# Big AEP Bluegill



## tombo131 (Apr 23, 2008)

I've been waiting for my friend to email this picture so I could post it. This is a 13.5" Bluegill that I got at AEP on Memorial Day weekend. I had no idea at the time that the current state record is 12.5"... wish I wouldn't have ate him...


----------



## FishinFreak26 (Jul 26, 2007)

I could be wrong, but that looks like a crappie. Nice fish nonetheless!


----------



## Big E (Jan 6, 2006)

Yep... Nice Crappie


----------



## backstraps (Jun 18, 2008)

i cant see the pic


----------



## tombo131 (Apr 23, 2008)

The pics look like it, but I could have swore at the time he had the distinct 'gill pattern.
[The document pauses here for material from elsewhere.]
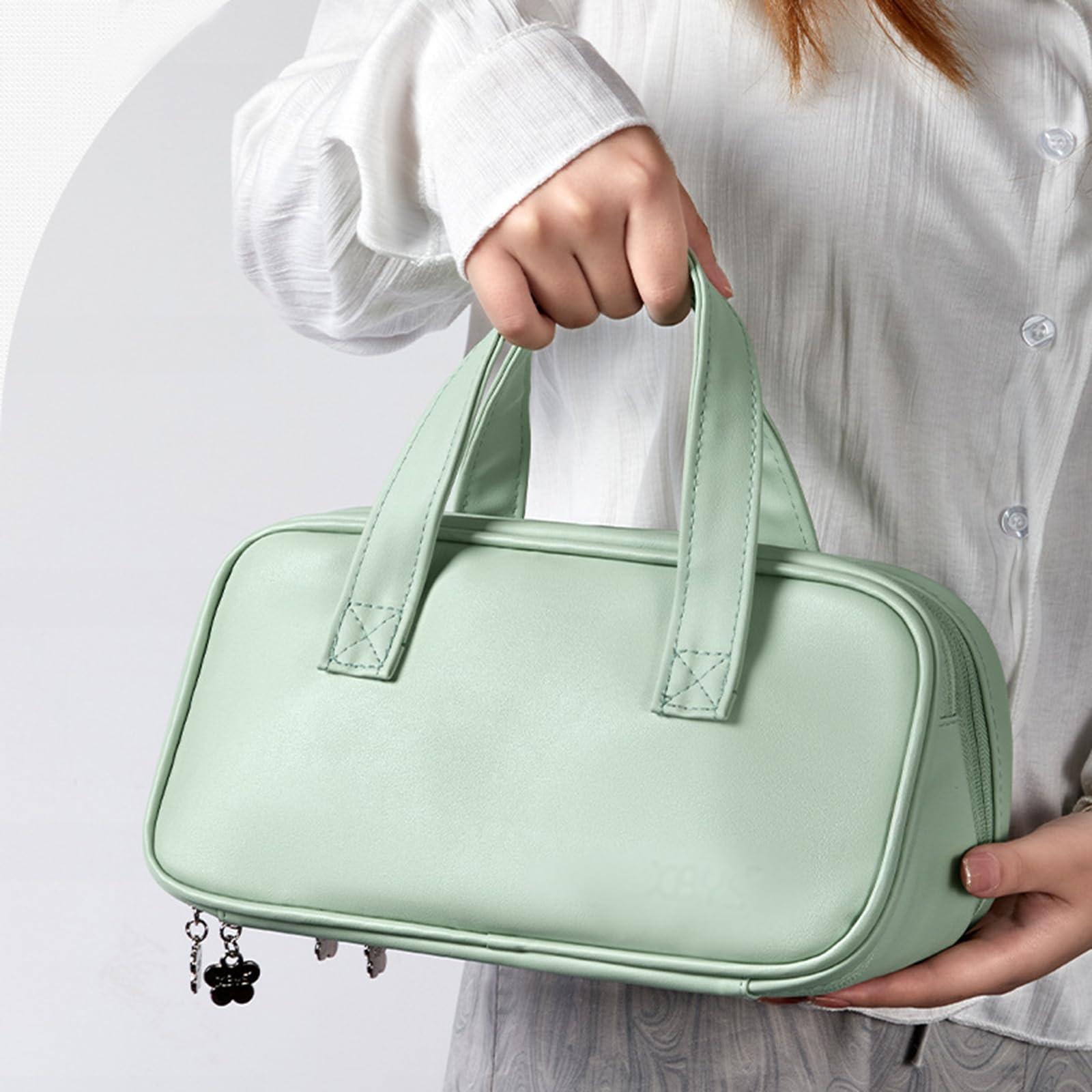 HACLEN Leather Cosmetic Bag, Makeup Bags for Women, Vanity Bag Travel Large Toiletry Bag Make Up Bag with Handle and Divider,Blue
Either way, was a nice panfish =)


----------



## backstraps (Jun 18, 2008)

yes i see em now, and true in deed its a gooding looking fish. he would of went good with a beer!!!


----------



## JignPig Guide (Aug 3, 2007)

Nice 13.5-inch Crappie.


----------



## guppygill (May 8, 2004)

Nice crappie


----------



## Floatin Saloon (Apr 13, 2004)

Decent Crappie. Maybe you posted the wrong pic. That's definitely a Crappie


----------



## Floatin Saloon (Apr 13, 2004)

Do not take our correction the wrong way. Nice fish. Keep on fishin, keep on eatin, keep on postin. I'll go out on a limb and say that's a White Crappie. I'll post a pic of my son with a 13.5 inch plus Black Crappie caught this Spring at Piedmont


----------



## Floatin Saloon (Apr 13, 2004)

About 15 years ago my son caught a 12 inch Blue Gill at Jefferson Reclamation Area. Brought it home in a bucket and told me to look. I said nice Crappie. He said you better look again. I had it mounted for him. Its on the wall in our spare bedroom. Note his left hand had to hold the tail up for a decent shot


----------



## theprowler (Jul 14, 2004)

It is a good crappie.


----------



## Fishman (Apr 5, 2004)

That's what bluegills look like  Very nice White Crappie ya caught there.


----------



## Floatin Saloon (Apr 13, 2004)

I'll take about 25 of them and an 18 pack and be in heaven


----------



## FishinFreak26 (Jul 26, 2007)

Floatin Saloon said:


> I'll take about 25 of them and an 18 pack and be in heaven


Amen brother


----------



## dugworm (May 23, 2008)

That's a crappie, dude. Nice fish. :G


----------



## jshbuckeye (Feb 27, 2005)

Nice fish what did ya catch it on.


----------



## peple of the perch (Sep 13, 2004)

Definitely a crappie, fish Ohio size too.


----------



## chaunc (Apr 11, 2004)

tombo131 said:


> I've been waiting for my friend to email this picture so I could post it. This is a 13.5" Bluegill that I got at AEP on Memorial Day weekend. I had no idea at the time that the current state record is 12.5"... wish I wouldn't have ate him...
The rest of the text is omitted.